[Exercise instructions]: Each line from the one containing "-暖阳宠物医院·犬猫康复中心·骨科" to the end of the data must be copied exactly, the first and last included; no other lines and no pictures belong in the copy.

[Available data]:

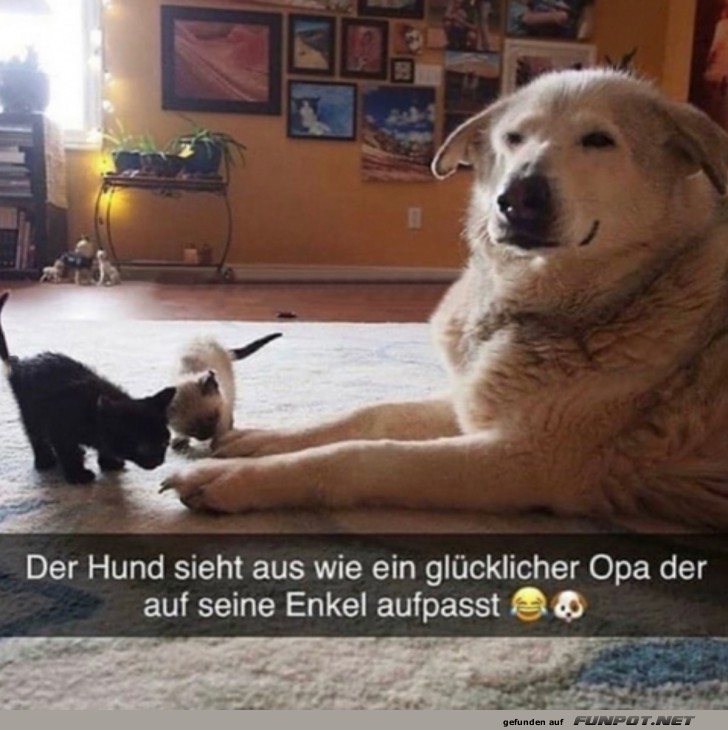 Hund und Katze in harmonischer Pose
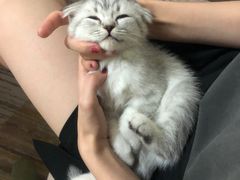 -暖阳宠物医院·犬猫康复中心·骨科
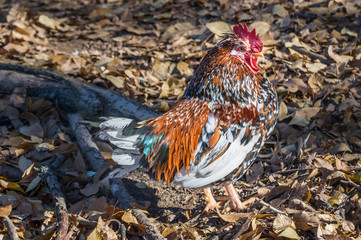 Colorful plumage hen among fallen leaves of trees in autumn.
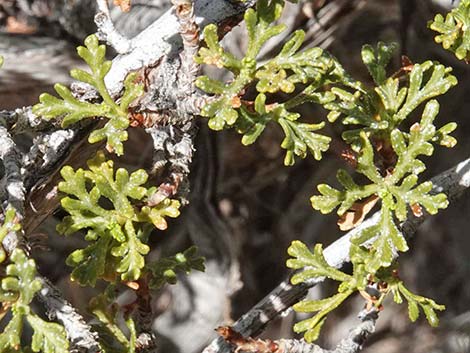 Stansbury Cliffrose (Purshia stansburiana)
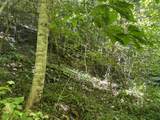0 Woolum Disappointment Hollow Road - Photo 22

[Written solution]:
 -暖阳宠物医院·犬猫康复中心·骨科
 Colorful plumage hen among fallen leaves of trees in autumn.
 Stansbury Cliffrose (Purshia stansburiana)
0 Woolum Disappointment Hollow Road - Photo 22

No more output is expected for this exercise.